In 1967 he became the founding coach of the Golden Bears soccer program and remained with the team until 1974, guiding the Bears to a Canadian Interuniversity Athletic Union (CIAU) gold medal in 1972 and silver in 1973, while also capturing Canada West gold both seasons.
During his time at Alberta, Robbins also coached the Golden Bears tennis team to a Western Intercollegiate championship in 1964-1965, and additionally served as head coach of Bears and Pandas diving (1964-1969), and as a sprint coach on Alberta’s track and field team (1964-1966).
He was also first Director of Coaching for the Alberta Soccer Association (ASA), serving in that role from 1966 to 1972, a tenure during which Robbins initiated the ASA's coaching instruction and certification program.
During the 1968-1969 season, Robbins coached Alberta’s diving team at the Canadian championships and served as the Technical Director of the Alberta Diving Association and as a member of the Canadian Diving Association Selection Committee.
In 1974, Robbins moved on to York University where his roles included Chair of the School of Physical Education and Athletics (1981-86 and 1989-97), Associate Dean of the Faculty of Education (1978-80), along with coach of the men's soccer team (1983-86).

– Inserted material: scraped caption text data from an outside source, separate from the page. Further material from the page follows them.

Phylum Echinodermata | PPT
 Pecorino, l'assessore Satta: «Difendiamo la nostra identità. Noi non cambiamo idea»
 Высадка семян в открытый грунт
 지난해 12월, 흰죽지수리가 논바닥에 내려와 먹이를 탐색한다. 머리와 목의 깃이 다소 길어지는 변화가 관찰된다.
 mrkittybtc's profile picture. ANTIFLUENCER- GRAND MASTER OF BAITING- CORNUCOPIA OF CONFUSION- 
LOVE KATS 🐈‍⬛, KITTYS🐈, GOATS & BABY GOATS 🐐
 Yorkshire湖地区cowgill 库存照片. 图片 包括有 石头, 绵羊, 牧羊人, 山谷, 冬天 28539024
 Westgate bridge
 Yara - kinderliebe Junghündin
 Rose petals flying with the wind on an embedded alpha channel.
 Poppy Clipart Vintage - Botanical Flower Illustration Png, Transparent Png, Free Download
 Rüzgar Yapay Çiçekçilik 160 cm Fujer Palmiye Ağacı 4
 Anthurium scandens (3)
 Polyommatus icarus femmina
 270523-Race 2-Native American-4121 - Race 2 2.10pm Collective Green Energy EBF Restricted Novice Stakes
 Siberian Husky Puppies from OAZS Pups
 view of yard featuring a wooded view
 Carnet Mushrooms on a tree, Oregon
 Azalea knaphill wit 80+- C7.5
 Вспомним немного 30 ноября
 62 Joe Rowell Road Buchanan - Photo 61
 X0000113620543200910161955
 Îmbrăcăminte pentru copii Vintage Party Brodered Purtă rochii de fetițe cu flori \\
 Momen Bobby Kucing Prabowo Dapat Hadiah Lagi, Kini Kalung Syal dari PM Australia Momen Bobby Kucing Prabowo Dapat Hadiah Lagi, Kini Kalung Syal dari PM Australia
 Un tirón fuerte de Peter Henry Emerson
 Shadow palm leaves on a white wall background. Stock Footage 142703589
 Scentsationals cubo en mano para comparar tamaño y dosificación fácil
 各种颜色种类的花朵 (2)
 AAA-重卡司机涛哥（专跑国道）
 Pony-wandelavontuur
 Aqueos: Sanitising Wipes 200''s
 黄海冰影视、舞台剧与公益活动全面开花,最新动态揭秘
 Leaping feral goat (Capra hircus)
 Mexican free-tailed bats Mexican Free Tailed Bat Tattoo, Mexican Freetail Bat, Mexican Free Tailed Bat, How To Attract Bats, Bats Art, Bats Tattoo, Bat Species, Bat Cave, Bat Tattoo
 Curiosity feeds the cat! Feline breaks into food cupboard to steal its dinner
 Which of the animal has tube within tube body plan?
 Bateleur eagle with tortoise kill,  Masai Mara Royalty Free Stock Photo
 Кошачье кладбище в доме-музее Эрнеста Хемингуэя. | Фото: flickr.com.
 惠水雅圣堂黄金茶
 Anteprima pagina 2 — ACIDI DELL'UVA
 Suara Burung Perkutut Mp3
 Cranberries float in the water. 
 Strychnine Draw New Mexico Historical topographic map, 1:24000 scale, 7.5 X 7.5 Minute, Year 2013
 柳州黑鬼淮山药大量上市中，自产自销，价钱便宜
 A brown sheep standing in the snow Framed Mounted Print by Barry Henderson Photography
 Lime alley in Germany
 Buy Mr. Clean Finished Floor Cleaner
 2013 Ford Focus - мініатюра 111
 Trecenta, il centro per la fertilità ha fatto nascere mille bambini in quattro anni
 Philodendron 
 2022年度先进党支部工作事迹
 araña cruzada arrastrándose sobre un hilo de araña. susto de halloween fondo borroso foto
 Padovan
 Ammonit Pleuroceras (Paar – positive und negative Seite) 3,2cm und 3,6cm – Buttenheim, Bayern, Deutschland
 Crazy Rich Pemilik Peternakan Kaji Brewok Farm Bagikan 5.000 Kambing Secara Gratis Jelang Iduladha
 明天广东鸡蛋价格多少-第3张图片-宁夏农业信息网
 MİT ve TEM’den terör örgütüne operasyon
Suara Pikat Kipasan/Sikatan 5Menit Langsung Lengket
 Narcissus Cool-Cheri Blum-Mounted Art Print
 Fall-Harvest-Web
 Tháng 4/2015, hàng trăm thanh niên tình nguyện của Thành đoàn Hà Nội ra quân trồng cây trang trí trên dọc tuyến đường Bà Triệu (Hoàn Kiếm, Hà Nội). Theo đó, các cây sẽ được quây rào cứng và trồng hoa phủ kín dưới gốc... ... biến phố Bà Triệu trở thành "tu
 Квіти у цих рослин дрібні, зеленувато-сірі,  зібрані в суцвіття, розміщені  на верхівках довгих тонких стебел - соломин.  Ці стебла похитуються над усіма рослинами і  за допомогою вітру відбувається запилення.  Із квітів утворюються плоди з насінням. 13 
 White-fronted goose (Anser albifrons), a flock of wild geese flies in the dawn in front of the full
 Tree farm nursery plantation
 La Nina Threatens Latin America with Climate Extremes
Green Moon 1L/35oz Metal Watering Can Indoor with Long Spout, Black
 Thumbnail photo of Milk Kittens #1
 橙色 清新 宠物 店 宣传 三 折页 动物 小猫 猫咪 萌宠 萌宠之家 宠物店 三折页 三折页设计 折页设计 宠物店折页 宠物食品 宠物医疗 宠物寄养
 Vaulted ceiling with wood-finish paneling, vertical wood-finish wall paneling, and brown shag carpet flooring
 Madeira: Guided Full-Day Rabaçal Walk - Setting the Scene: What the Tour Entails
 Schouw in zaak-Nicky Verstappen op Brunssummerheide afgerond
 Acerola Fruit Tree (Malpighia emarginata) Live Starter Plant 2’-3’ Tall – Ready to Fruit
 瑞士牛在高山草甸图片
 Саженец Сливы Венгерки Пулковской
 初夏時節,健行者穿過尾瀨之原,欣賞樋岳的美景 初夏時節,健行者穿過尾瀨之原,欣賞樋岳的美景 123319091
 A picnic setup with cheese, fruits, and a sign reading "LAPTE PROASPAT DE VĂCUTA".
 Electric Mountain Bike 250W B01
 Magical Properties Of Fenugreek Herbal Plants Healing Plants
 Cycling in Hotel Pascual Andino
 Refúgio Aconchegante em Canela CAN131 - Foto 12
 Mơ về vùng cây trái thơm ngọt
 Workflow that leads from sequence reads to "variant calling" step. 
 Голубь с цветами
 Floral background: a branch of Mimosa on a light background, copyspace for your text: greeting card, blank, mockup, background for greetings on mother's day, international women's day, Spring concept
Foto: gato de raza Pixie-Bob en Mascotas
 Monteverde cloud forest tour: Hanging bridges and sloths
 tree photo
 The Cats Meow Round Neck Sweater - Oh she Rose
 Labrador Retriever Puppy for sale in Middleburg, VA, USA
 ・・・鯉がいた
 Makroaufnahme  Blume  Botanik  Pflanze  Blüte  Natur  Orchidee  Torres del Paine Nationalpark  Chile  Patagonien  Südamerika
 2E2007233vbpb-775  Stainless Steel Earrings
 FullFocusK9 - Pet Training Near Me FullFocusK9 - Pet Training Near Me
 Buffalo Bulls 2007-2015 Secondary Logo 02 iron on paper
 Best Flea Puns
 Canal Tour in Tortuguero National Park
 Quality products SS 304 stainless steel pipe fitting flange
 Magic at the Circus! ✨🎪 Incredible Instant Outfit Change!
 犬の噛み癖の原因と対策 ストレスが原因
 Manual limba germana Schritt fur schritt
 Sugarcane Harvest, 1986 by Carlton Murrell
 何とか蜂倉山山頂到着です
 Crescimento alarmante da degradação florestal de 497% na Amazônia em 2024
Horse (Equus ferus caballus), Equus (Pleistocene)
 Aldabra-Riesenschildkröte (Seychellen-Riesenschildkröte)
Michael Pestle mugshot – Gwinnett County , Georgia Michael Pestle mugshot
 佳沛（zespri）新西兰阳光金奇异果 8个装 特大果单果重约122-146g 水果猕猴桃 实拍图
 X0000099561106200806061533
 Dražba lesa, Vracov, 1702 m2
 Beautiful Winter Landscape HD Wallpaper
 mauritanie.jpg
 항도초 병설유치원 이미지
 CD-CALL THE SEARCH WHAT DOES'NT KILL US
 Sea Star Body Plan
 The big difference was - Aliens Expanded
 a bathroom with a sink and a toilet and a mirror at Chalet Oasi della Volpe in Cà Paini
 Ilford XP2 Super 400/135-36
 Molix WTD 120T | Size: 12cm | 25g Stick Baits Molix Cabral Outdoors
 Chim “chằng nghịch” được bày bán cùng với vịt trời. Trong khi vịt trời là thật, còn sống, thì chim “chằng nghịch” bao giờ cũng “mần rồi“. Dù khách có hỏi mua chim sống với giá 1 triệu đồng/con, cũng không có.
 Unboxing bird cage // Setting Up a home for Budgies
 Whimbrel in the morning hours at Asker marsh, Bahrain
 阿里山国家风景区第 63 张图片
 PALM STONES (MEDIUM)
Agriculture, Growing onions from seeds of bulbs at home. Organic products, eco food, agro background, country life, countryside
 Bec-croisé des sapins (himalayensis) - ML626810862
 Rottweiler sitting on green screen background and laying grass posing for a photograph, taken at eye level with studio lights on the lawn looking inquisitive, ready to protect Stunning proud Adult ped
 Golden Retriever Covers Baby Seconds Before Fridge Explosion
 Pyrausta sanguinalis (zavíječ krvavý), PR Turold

Upon retiring from York in 2000, Robbins returned west, moving to Calgary where he joined the National Coaching Institute at the University of Calgary.
Robbins was awarded the Commemorative Medal for the 125th Anniversary of the Confederation of Canada, and Canada’s Golden Jubilee Medal in 2002. He is a member of the University of Alberta Sports Wall of Fame (class of 2007) and York’s Hall of Fame (2009).